PETER RHODES on kid-glove policing, misplaced nostalgia and jobs for the boys – as women
DAME Eileen Atkins objects to men taking women's roles on the grounds that actresses already face "an infinitely tougher time than men" on the stage. Sadly, she's up against progress. These days, regardless of race, age or gender, anyone can play anything. As Monty Python's Life of Brian reminded us, it is every man's right to be a woman.
BILL Bryson declares in his new book, The Road to Little Dribbling, that Britain was at its best in the early 1970s, having achieved "a kind of perfection." Really? I must have missed it. In 1971 I found shirts at Preston market for a bargain £3, while a new tyre for the car was £6. The catch? I was earning less than £12 a week. In today's global, cheap-as-chips world you cannot begin to explain how much it cost simply to feed and dress ourselves in the 1970s.
MEANWHILE, a new survey among wrinklies reveals that few over-60s believe in the myth of the "good old days." Today's old folk sing the praises of the internet, emails, cheap flights, modern food and today's vast choice of TV channels and programmes. According to a spokesman for the firm behind the survey: "There's never been a greater time to be retired." Discuss.
THE most popular gizmo among grandparents in the survey is the TV remote control. Once we're on the sofa, we're there for the night.
NO surprises in Lord Warner quitting the Labour Party on the grounds that it is no longer a credible government-in-waiting. He is not the first to walk away and others will surely follow him. And yet, for the sake of democracy, it is vital for Jeremy Corbyn's New Old Labour to be given a chance. If you believe in democracy, the scariest thing you can hear is people saying, as so many millions have said in recent years: "I never vote, because all the parties are the same." Once that fatalistic mind-set takes over, we are doomed. Today, in all its bearded, white-vested, awkward, contradictory, wobbly-pacifist glory, is a Labour Party distinctly different not only from Toryism but from the brand of Labour peddled by Blair, Brown and Miliband. If it is utterly demolished in the 2020 General Election, so be it.
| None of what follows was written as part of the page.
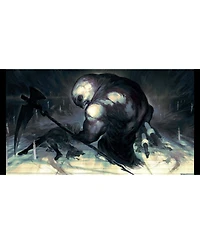 Death end reQuest 2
But if Corbynism is wrecked before then, by sabotage and treachery from within the Labour Party, then cynicism will grow and conspiracy theories will prosper. The number of non-voters will multiply until we no longer have a functioning democracy and the only viable opposition will be the mob on the street. In these hate-filled times Corbynism may not be a traditional Opposition but it is a safety valve.
A 15-year-old crook walked into a Co-Op store in Gloucestershire, stole some booze and walked out. Later in the day he did it again. And then again. On the third occasion a burly Co-Op worker pinned him to the floor until the police arrived. The cops then gave the youth something called a Restorative Justice Level 1 Order which means he was allowed to pay for the stolen goods and go free, on the grounds that he was "of previous good character." Hang on. This little toerag had committed three thefts in quick succession. That's not good character, that's a serial thief.
ON the same day this incident was reported, it was claimed that because some police forces cannot manage their budgets properly, policing may soon become "less visible." Will anybody notice?